Good luck with that.
Week One of the debate was spent analysing what the "Kiwi way of life" Simon Bridges had spoken of actually meant. There were many worthy spoofs and memes created in the pursuit of this.
But by Week Two, whatever people thought of the Kiwi way of life, Ardern was clearly worried enough the line was getting traction to try to front foot the issue.
Ardern spent the bulk of one press conference trying to deflect National's attacks. The one she identified as particularly hyperbolic was the Kiwi way of life one.
There are many weeks to go.
The two-month gap between the Tax Working Group reporting back and the Government response to it provides plenty of time for scaremongering in itself.
That gap in itself is a mistake, for time allows uncertainty to thrive.
Ardern needs to stamp out that uncertainty as soon as possible but finding some consensus between Labour, NZ First and the Greens may be just as impossible as wishing National would shut up.
That means any consensus will also be fragile. Someone will be more peeved than the others.
It also means Ardern's headache will not necessarily end once a consensus is reached and the legislation put in place.
She will also have to convince voters that no further changes will take place after 2020, without knowing exactly what price she might have to pay to get the government benches back.
So the big question is how vulnerable that "certainty" will be to an election campaign and post-election negotiations.
If the consensus position is a pale imitation of a capital gains tax, Ardern and Labour would not be barred from campaigning on a Labour Party policy – rather than a government policy – for a broader tax.
It would be foolish to do so and Ardern will have no appetite for that, even if it means effectively ceding a long-held policy position to NZ First.
She will promise to go as far as the parties agree and no further.
But Ardern cannot hog-tie NZ First and the Green Party to that.
Either or both of those parties can go into the campaign pushing for a narrower or broader regime - and both will be looking for ways to differentiate themselves.
That gives National a window to argue that the "certainty" Ardern has promised is a fake one, for Ardern cannot guarantee it will not come a cropper in post-election talks.
In that regard, the best-case scenario for Ardern post-2020 is the clowns to the left of her, jokers to the right scenario.
That is for Labour to be able to form a majority with either NZ First or the Greens – rather than needing both, as it does now.
In that case, neither will have the power they have now.
The worst case (other than losing to National) is if one of those support parties does not make it back in and the other has all the power.
Thus far, the Greens have called for a broad capital gains tax.

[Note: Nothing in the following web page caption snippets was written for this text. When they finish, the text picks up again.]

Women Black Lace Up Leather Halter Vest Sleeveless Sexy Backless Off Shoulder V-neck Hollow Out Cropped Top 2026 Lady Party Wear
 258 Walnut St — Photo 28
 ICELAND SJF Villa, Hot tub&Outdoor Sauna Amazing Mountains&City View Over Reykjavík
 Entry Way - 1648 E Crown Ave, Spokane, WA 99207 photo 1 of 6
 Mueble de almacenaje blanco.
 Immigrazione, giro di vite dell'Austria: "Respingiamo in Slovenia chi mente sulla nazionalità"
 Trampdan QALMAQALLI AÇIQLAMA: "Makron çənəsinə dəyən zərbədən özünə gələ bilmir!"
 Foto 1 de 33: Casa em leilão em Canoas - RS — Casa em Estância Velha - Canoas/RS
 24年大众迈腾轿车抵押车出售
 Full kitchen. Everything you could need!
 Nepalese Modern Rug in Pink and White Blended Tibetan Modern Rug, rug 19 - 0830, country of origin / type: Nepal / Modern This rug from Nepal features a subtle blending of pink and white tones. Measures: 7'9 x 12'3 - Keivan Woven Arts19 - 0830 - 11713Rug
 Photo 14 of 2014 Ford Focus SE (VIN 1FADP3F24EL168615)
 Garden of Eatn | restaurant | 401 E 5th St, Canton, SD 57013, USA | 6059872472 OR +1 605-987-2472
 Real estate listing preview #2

NZ First could be convinced to support one that targets the likes of land bankers and property speculators, but are wary of creating an accountant's paradise by going much further.
NZ First will likely win. But should that much-diluted package be agreed on, Ardern will stand accused of failing to deliver on the "change" she promised in the campaign.
National has many, many weeks of fun ahead regardless of what the Government comes back with.
They will use it. When it comes to hyperbole, Labour used exactly the same tricks on National when it campaigned on asset sales in 2011 – another policy considered unpalatable.
As National showed with asset sales, there is a small window of opportunity for leaders to expend political capital. Ardern risks losing that window.